Jung said that we have two sets of goals stringing throughout our lives: physical and spiritual.

Our physical goals encompass all of those things we accumulated during the first half of our lives. We were born, we grew up, we got jobs, bought houses and started our families, sometimes got divorced, sometimes started new families, and challenged that bank loan that financed all of the above.

Somewhere along the way this thing started to dry up. The kids grew up and left home, the house or farm got paid off and the need to climb the corporate hierarchy, either through promotion or the purchase of new lands, suddenly was not as stressful as it once was.

Just about that time, we started to refocus our attention on new goals. This was the start of the search for spiritual goals. More to the point, it was that attempt to draw personal meaning through life’s journeys, to look beyond that which was mundane in the search for significance, the meaning of life, perhaps the real meaning of Christmas.

For some, this part of their life’s journey channeled them through their churches, while for others the significance of their being was interwoven in personal commitments to their professions, to their farms, to their families, to nurturing their grandchildren while caring for aging parents or even to the well-being of their communities.

Spiritual goals can be found anywhere.

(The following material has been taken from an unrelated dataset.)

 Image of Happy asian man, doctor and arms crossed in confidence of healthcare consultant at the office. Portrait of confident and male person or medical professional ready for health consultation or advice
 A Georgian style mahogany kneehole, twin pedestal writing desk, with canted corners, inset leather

They depend mostly on where you might want to look for them. Spiritual people walk in the rain, others just get wet. Spiritual people wake up and smell the coffee, others crawl out of bed. Spiritual people cultivate the soil, nonspiritual people plow the land. Spiritual people worship the birth of each grandchild. Nonspiritual people buy presents for the kids.

People caught in the midlife crisis are those who struggle making a transition from physical goals to spiritual ones. They cannot do it. If you crawl out of bed in the morning, if you can’t enjoy greeting the day, if neither church, nor family nor community are making any sense to you and if you can’t see the beauty of the universe for the clouds on the horizon, you are most likely caught in a midlife crisis and you might want to reconsider where your life’s journey is taking you for the last half of the venture.

Driving a flashy sports car or recycling back to the immaturity of adolescence will not get you there.